__WHAT IS NEEDED__
Your answer consists of the lines in the data that contain "with". Copy each of them.
*** Opening of SUPPLIED DATA ***
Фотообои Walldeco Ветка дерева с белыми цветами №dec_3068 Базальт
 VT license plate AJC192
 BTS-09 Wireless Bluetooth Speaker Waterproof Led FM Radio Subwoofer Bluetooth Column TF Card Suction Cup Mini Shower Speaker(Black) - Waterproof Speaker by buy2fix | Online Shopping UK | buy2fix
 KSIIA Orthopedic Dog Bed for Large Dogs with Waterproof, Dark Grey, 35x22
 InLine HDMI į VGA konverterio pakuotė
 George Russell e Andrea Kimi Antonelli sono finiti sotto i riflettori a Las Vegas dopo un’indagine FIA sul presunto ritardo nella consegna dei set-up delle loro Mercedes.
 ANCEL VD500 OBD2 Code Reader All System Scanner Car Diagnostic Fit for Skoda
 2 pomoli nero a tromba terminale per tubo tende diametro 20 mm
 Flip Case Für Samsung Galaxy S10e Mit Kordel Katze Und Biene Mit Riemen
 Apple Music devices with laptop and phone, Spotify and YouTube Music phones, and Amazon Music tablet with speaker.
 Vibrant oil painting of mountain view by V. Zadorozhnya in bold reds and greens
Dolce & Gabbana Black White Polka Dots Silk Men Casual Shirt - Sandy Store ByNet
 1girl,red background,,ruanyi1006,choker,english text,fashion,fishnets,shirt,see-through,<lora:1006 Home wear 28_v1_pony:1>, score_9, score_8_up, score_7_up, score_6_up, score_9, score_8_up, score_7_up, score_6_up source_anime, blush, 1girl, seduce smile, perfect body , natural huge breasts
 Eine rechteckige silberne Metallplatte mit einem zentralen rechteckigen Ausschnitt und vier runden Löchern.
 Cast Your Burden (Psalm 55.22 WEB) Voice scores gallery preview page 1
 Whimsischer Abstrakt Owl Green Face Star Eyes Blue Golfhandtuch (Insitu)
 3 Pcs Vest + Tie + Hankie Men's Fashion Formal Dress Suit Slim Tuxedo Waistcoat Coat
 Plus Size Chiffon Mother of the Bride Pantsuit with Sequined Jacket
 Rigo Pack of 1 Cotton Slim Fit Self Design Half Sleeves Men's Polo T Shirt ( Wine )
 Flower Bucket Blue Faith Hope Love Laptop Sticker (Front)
*** Close of SUPPLIED DATA ***
__OUTPUT FOR THIS EXERCISE__
 KSIIA Orthopedic Dog Bed for Large Dogs with Waterproof, Dark Grey, 35x22
 Apple Music devices with laptop and phone, Spotify and YouTube Music phones, and Amazon Music tablet with speaker.
 Plus Size Chiffon Mother of the Bride Pantsuit with Sequined Jacket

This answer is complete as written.